Yes, you can create a project and save it as a template for later use. Or you can create something in PowerPoint and import it whenever you want.
When you import a Powerpoint with animations into Explain Everything, will it retain the animations?
No, Powerpoint imports to Explain Everything will not retain animations.
Does a Surface Pro work as well as an iPad?
No, Explain Everything is only available for iOS, Chrome OS and Android. Surface Pro is running on Windows. If you wanted to use the Surface Pro, you would need to go off the browser-based version (see #2). You can review the differences between different versions of Explain Everything in detail here.
How useful is the collaborative whiteboarding feature if participants (students) don’t have the tablet/stylus combination?
It would be less useful. MIT is making iPads available to all undergraduates and TAs. They do have to request the equipment using a form found here.
Asynchronous Video Creation
What app(s) do you recommend for recording asynchronous videos and adding navigational timestamps and captions?
You may want to consider Panopto or Explain Everything. Both tools allow you to import slides or other media.
Panopto interfaces well with Zoom and is available to the MIT community. Here is a link to IS&T’s Knowledge Base.
Explain Everything has features for recording asynchronous video and may be preferable if you are writing notes or solving problems on a tablet. The editing tools are impressive. MIT has site licenses for both of these tools.
Can you use news videos/clips in asynchronous lectures? What about music background or samples? Are there copyright issues?
Yes, we have to be mindful of potential copyright issues, regarding video clips, photos, and music. MIT Libraries can provide guidance on this and has created this resource regarding the use of copyrighted content.
How do you get rid of reflections in glasses? All my zoom meetings have reflections from a laptop screen.
This is a tough one! You can minimize it by changing the angle — for example, raising or lowering the screen. If you’re recording with a separate device (not your computer) then the angle of the computer itself is more flexible.
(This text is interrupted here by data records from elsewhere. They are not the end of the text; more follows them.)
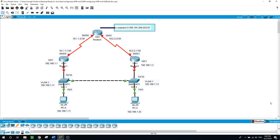HSRP is easier to configure. There are more options with GLBP, which can make it complex to configure. GLBP is better because the failure of a router is not needed to start using the other router. GLBP permits the use of both routers for load balancing. HSRP uses only one router, and if it fails, then the other router starts to manage the traffic.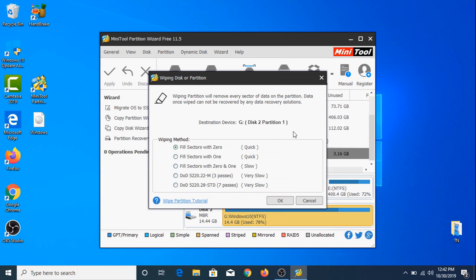There are 5 options for wiping your data. The last two options are the best because if you choose to wipe your data using those last two options, your data cannot be recovered by any recovery software — but it takes quite a lot of time. So we are going to choose the first option: Fill Sectors with Zero.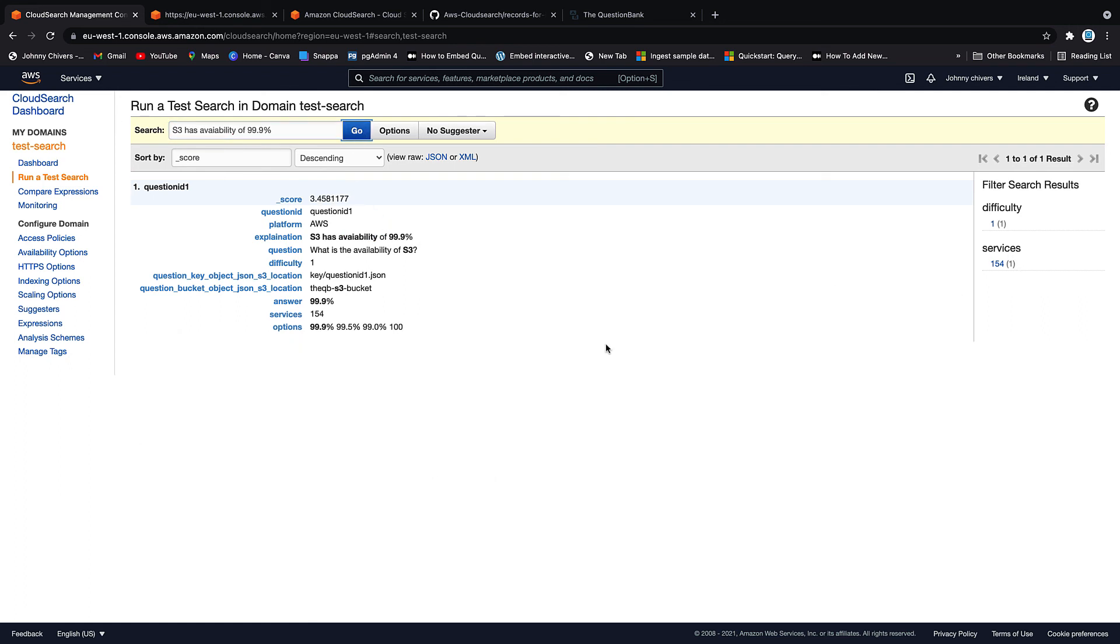So that's really it for today, guys. As you can see, it's a lot easier to get CloudSearch up and running. But you don't have as much configuration as if you're on AWS Elastic Search Service. With that being said, I'll make all this information for free, as usual, on my website, www.johnnychivers.co.uk. And until next time, guys, thanks for watching.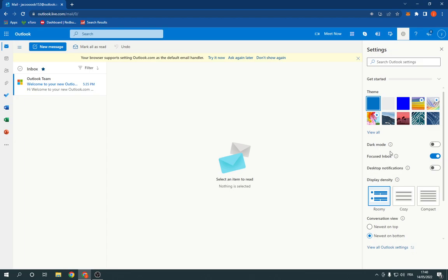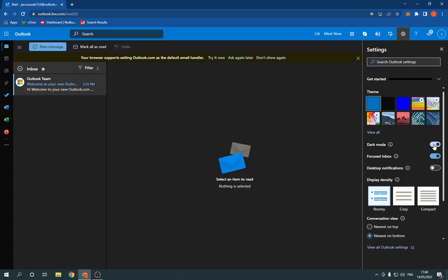Now all you have to do is go down, you will find dark mode option, click on it.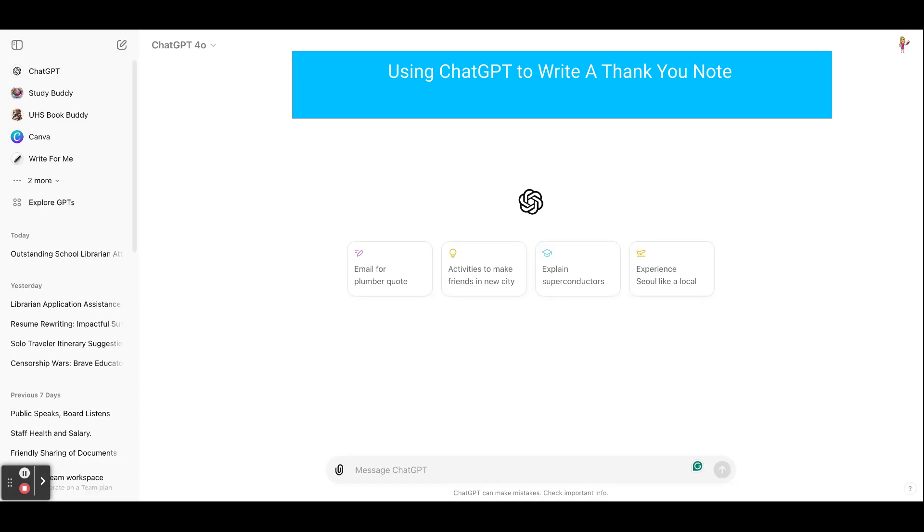As I stated in the other videos, I've used ChatGPT to help me with my resume, help write a cover letter, and help write the application. Well, also when you're done with the interview, you should write a little thank you note.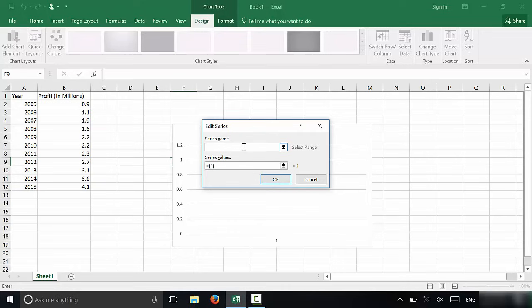So you're going to type in profit. Let's put a capital there, profit. And then in brackets, I'm going to put in millions, just like I have over there.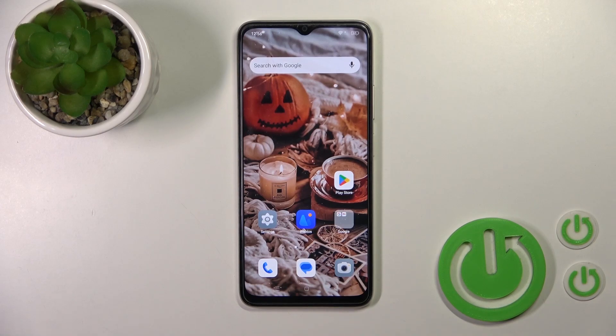Hi, this is the Oppo A18 and I'll show you how to change icon shape with the X-Icon Changer app on this device.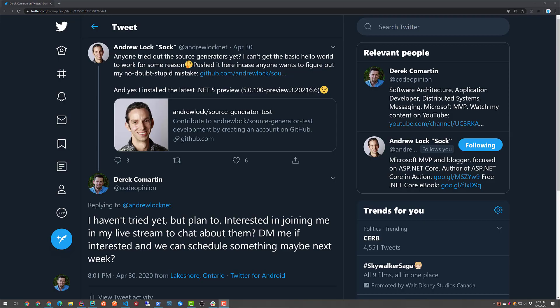Hey everybody, it's Derek Martin from CodeOpinion.com and this conversation I'm going to be having with Andrew Locke. We actually recorded a little conversation today, posted in two parts. This first part is about source generators because he posted a couple days ago asking if anybody's tried them out yet. Andrew's always posting a ton of great content on his blog — I'll have a link in the description. We talked about source generators in this video, and I'll be posting another video in a couple days related to migrating to .NET Core.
Recommended tools for making graphic slides that are easy to put into video?
Just about anything works — whatever you’re comfortable with. PowerPoint is pretty easy to integrate with video. Explain Everything is a great tool if you want to write, draw, or annotate. For higher-end graphics, AfterEffects is our standard, but that is more complex, and generally requires more professional level training.
How to direct students’ attention to certain components of the video?
We usually add cues and highlights to the graphics — and this is VERY important. You can do it with handwriting, underlines, highlighting, etc. in software like Explain Everything, or the whiteboard function in Zoom (while recording your presentation). Or, you can add highlights later in editing.
How do you integrate existing MP4 video with all of this? Where would you load them? Stellar has a file size limitation.
We use YouTube with unlisted or private links. Vimeo also works. And now the Panopto license also provides cloud storage. MIT Open Learning has a video service as well. For the latter, contact the Residential Team at OL.